I have been sitting on this screen shot from @LulzWarefare since it happened in March, but my motivation for this is a little bit older. I was reading on Nile valley hydropolitics when I noticed the Hala’ib Triangle and the associated area of Bir Tawil. Both Egypt and Sudan claim Hala’ib and due to the wording of the treaties that govern this dispute neither country claims Bir Tawil – it is terra nullius, land unclaimed by any nation state. There are two other notable unclaimed bits in Africa – a strip of land between Niger and Burkina-Faso was finally divided in an agreement in 2013, and Western Sahara was the scene of the Kafka-esque “wall war” from 1975 until 1991.
Even rarer than unclaimed land in the age of GPS satellites are sovereign entities without geographic territory. The Knights of St. John were expelled from Jerusalem in Malta by Napolean in 1798, where the order had resided since 1530. They have never established another state, but the 13,000 members, 80,000 volunteers, and 20,000 medical personel celebrated their 900th anniversary this year.
And most important of all, the Knights of St. John can issue passports.
So there is some precedent for a non-territorial entity existing at a diplomatic level, issuing passports, and otherwise behaving as a ‘virtual state’. The Principality of Sealand, established as a home for a pirate radio station in 1967, has de facto sovereignty, but the population is apparently just Prince Michael, the son of founder Paddy Roy Bates. One has to imagine this location would be willing to provide a PO box for a virtual organization without asking too many questions.
Anonymous has given de facto recognition to Gaza in the form of extensive support during #OpIsrael in late 2012. If Julian Assange’s Australian Senate campaign succeeds, Anonymous will have another friend in the halls of power, as Assange would be joining Icelandic PM Birgitta Jónsdóttir in her support of privacy and human rights.

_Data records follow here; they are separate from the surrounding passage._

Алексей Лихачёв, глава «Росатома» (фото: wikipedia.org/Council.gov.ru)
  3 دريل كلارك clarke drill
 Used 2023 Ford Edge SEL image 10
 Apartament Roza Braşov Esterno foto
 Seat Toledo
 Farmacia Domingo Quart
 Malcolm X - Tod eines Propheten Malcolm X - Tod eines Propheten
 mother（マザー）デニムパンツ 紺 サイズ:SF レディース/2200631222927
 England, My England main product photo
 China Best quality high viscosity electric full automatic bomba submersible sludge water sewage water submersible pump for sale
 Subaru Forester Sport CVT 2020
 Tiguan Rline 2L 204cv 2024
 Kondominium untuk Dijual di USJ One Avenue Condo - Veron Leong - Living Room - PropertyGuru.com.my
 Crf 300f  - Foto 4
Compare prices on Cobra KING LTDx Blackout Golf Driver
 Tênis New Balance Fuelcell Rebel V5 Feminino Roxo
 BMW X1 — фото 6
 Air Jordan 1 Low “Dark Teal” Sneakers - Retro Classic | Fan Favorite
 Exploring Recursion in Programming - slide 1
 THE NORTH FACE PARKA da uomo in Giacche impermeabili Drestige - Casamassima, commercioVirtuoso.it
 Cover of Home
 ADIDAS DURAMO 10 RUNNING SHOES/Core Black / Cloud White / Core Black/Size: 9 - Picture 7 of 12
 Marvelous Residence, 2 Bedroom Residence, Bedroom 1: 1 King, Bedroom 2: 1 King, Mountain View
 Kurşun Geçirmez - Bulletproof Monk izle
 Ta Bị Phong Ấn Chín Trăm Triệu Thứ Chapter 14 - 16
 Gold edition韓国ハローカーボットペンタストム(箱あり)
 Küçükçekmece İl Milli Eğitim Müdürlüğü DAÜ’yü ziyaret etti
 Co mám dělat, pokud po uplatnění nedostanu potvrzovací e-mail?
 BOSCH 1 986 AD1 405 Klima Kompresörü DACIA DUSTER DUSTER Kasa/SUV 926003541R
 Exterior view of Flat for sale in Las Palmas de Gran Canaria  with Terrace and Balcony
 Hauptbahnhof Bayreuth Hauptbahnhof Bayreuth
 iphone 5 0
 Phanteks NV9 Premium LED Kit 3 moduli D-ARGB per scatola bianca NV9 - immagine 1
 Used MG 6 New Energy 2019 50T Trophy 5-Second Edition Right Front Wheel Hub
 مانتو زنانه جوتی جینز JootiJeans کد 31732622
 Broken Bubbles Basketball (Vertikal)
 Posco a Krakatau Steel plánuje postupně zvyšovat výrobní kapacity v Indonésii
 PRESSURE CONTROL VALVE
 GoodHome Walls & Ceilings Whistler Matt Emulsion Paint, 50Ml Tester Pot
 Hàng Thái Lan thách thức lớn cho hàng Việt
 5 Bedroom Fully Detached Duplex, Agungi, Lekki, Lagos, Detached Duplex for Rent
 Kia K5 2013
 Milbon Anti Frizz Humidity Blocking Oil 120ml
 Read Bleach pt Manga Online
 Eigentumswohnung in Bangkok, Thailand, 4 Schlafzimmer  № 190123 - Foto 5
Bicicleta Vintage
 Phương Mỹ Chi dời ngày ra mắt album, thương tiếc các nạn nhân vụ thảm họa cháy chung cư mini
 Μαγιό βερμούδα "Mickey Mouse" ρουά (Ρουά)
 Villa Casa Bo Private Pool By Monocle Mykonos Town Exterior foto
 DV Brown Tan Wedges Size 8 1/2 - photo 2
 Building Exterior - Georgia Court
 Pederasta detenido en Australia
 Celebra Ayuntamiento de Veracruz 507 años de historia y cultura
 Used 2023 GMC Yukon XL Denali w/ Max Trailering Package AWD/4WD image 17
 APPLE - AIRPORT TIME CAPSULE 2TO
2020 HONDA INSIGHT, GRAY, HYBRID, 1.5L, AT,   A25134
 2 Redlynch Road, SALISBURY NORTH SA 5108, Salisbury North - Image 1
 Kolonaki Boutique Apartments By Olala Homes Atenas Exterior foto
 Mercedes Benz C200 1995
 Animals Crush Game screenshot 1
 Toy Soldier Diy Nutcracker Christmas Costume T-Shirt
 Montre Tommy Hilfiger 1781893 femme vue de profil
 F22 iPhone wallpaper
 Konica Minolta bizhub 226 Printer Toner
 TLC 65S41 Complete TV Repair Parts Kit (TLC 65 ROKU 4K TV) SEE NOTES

While there have been various declarations that are more weighty than @LulzWarfare‘s tongue in cheek pronouncement, I believe I am the first to note the similarity between what Anonymous does and the role played by the Knights of St. John.
What happens next?
Anonymous has already demonstrated transnational peacekeeping capabilities, raining fire on Israel for their mistreatment of Palestinians, and bringing similar heat to the government of Myanmar for its persecution of the Rohingya. They clearly have an ability to act on par with that of the Knights of St. John.
There is a small logistics problem in that members of Anonymous lose all standing once their names are known. This has all sorts of implications for identification (public/private keys?), biometrics at border crossings, and so forth. I leave the deep thinking on how to handle this to those more focused cryptographic research.